The use of minimal access surgery (also called laparoscopic or keyhole surgery) means that large open incisions can be avoided minimising trauma and the impact on your body and the time it takes to recover. Depending on your situation you may be a candidate for minimal access surgery.

Mr Brinkmann can recommend minimal access surgery wherever possible to reduce patient discomfort, promote more rapid healing and minimise the effect of surgery on patients.

Laparoscopic surgery

Laparoscopy can be used to help diagnose a wide range of conditions that develop inside the abdomen or pelvis. It can also be used to carry out surgical procedures, such as removing a damaged or diseased organ, or removing a tissue sample for further testing (biopsy).
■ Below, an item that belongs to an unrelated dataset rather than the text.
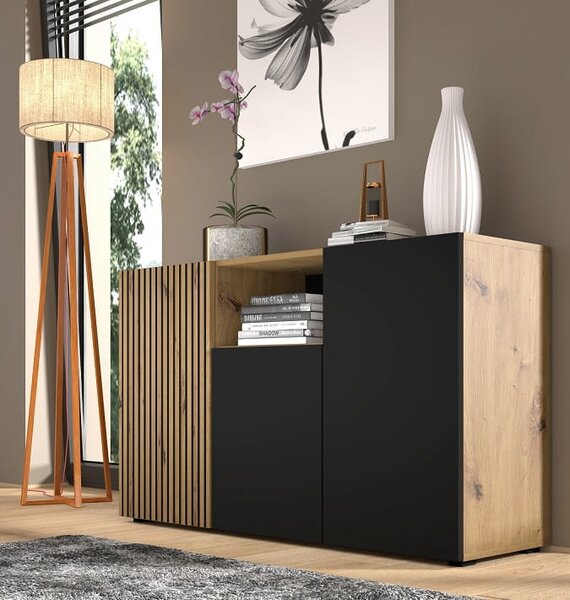Komoda na ubrania do salonu artisan z czarnym | Umeblowana.com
During laparoscopy, the surgeon makes one or more small incisions in the abdomen. These allow the surgeon to insert the laparoscope and small surgical tools to perform the operation with less trauma to the surrounding tissues.

You usually go home on the same day or day after you have laparoscopy and recovery times are faster than traditional open surgery.

The biggest surgical challenges of laparoscopy include working in a three-dimensional field while having only a two-dimensional view (the TV monitor) and the lack of dexterity associated with typical straight laparoscopic instruments.

Robotic surgery

For some conditions, Mr Brinkmann may recommend robotic surgery. Robotic technology addresses both the constraints of traditional laparoscopic surgery by providing a 3-D view and instruments with dexterity.

Robotic surgery uses a sophisticated robotic system to perform laparoscopic surgery. It allows surgeons to perform many complex procedures with more precision, flexibility, control and manoeuvrability than in traditional minimally invasive surgery. Some people who aren't candidates for open or minimally invasive surgery may be candidates for robotic surgery. This is particularly true of larger patients who may not be considered suitable for laparoscopic surgery due to their size.

Surgeons using the robotic system can perform delicate and complex procedures that may have been difficult or impossible with other techniques. It has the enhanced benefit of offering fertility preserving surgery for certain patients who still want to have a family after treatment. This was often not possible before.

In robotic surgery, or robot-assisted surgery, surgeons make a few small incisions to insert the robotic system (rather than the laparoscope in laparoscopy). This includes a camera arm and several interactive mechanical arms, with joints that work like a human's wrist.
Your surgeon guides the procedure from a remote console close to the surgical table and views the surgical area in a 3-D magnified view on a monitor. This offers greater depth perception and detailed views than does open surgery. Your surgeon leads a trained surgical team during the surgery.

Compared with a previous two to three month recovery with open surgery, you usually go home on the same day or day after robotic surgery and recovery times are dramatically quicker.

Benefits of minimal access surgery

When you have minimal access surgery, you're likely to lose less blood and have less postoperative pain, fewer and smaller scars, and a faster recovery than you would after open surgery. It has the added benefit of reduced pain medication requirements all due to less trauma during surgery. Depending on your condition, you may need only a short hospital stay. You are likely to return to normal activities more quickly than after open surgery.

Mr Brinkmann is a highly experienced laparoscopic surgeon with extensive experience of complex major surgery for benign and cancer gynaecology. He is the clinical lead for gynaecology cancer in Portsmouth and led the implementation of robotic surgery for gynaecology at Queen Alexandra Hospital. Private patients can benefit from robotic surgery at the Private Patient Unit there.